Fortunatamente il finale riserva una piccola sorpresa: il breve trail Scooby Doo (S2), una vera chicca, divertente e ben disegnato. Talmente bello da meritare, eventualmente, anche una risalita dedicata partendo da Pescul. Raggiunta una forestale si affronta l'ultima salita verso il Rifugio Fertazza, con pendenze generalmente contenute, per poi proseguire verso il Rifugio Belvedere, dove alcuni strappi molto ripidi mettono alla prova le gambe (e l'assistenza) prima di raggiungere Cima Belvedere.
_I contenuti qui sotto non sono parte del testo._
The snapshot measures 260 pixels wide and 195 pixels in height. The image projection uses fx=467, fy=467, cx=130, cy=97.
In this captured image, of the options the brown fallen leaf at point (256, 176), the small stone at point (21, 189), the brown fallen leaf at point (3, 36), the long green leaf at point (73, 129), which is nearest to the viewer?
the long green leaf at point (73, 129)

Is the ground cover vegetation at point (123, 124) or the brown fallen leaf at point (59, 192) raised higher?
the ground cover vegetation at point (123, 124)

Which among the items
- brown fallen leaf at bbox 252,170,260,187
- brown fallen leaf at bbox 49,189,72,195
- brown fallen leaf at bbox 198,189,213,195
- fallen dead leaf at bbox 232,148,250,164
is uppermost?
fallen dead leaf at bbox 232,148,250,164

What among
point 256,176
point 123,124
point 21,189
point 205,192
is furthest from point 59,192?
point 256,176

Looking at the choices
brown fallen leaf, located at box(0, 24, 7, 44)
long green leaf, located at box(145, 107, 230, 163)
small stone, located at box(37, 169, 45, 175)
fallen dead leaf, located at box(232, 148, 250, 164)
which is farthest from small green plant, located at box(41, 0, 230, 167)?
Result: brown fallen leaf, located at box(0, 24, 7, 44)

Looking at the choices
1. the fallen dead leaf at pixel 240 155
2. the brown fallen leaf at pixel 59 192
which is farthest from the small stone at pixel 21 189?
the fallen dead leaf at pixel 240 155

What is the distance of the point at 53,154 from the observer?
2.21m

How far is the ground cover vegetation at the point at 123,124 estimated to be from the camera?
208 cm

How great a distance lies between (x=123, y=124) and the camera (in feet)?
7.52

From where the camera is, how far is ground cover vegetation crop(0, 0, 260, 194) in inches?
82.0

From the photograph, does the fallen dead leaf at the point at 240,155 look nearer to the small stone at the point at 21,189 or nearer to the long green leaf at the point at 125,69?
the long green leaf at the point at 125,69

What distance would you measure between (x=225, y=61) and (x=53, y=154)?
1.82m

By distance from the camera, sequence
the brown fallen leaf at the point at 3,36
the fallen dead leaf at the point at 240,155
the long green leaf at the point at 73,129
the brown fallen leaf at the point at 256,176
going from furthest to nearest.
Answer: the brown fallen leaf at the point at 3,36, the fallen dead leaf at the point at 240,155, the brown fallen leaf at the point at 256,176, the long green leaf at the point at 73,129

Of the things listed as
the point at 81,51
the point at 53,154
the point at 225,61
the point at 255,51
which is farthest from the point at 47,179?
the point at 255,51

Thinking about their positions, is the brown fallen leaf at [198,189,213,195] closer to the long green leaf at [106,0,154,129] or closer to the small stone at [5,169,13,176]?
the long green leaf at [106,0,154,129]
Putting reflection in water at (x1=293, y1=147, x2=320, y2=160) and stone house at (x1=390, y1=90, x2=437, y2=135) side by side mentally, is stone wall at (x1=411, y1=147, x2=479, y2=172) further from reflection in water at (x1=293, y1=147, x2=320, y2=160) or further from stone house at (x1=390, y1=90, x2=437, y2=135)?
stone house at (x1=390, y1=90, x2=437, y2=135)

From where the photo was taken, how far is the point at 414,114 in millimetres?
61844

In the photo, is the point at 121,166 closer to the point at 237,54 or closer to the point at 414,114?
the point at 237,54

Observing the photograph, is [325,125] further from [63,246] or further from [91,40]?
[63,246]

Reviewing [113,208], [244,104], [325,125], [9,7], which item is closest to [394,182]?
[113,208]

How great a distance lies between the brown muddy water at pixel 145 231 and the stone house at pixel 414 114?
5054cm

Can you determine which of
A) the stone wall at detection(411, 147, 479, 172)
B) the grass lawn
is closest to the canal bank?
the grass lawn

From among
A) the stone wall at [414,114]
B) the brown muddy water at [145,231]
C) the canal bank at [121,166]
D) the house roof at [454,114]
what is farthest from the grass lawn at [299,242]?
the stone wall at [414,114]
Qui inizia il gran finale: oltre 1000 metri di dislivello negativo lungo una variante che non avevo mai percorso e che si è rivelata una delle discese più belle dell'intera zona. Dopo un primo tratto tra gli alpeggi arriva un ripido pendio che introduce alla sezione più spettacolare, in prossimità di Col Davagnin (a destra). Il single track alterna tratti flow, passaggi tecnici su rocce, sassi smossi, gradoni naturali e curve perfettamente raccordate, senza mai perdere ritmo. Una discesa lunga, varia e appagante che termina direttamente sulla statale di Caprile, sfruttando ogni metro disponibile di dislivello. Da qui non resta che seguire la comoda pista ciclabile per rientrare ad Alleghe, con la soddisfazione di aver completato uno dei giri enduro più interessanti e divertenti della zona.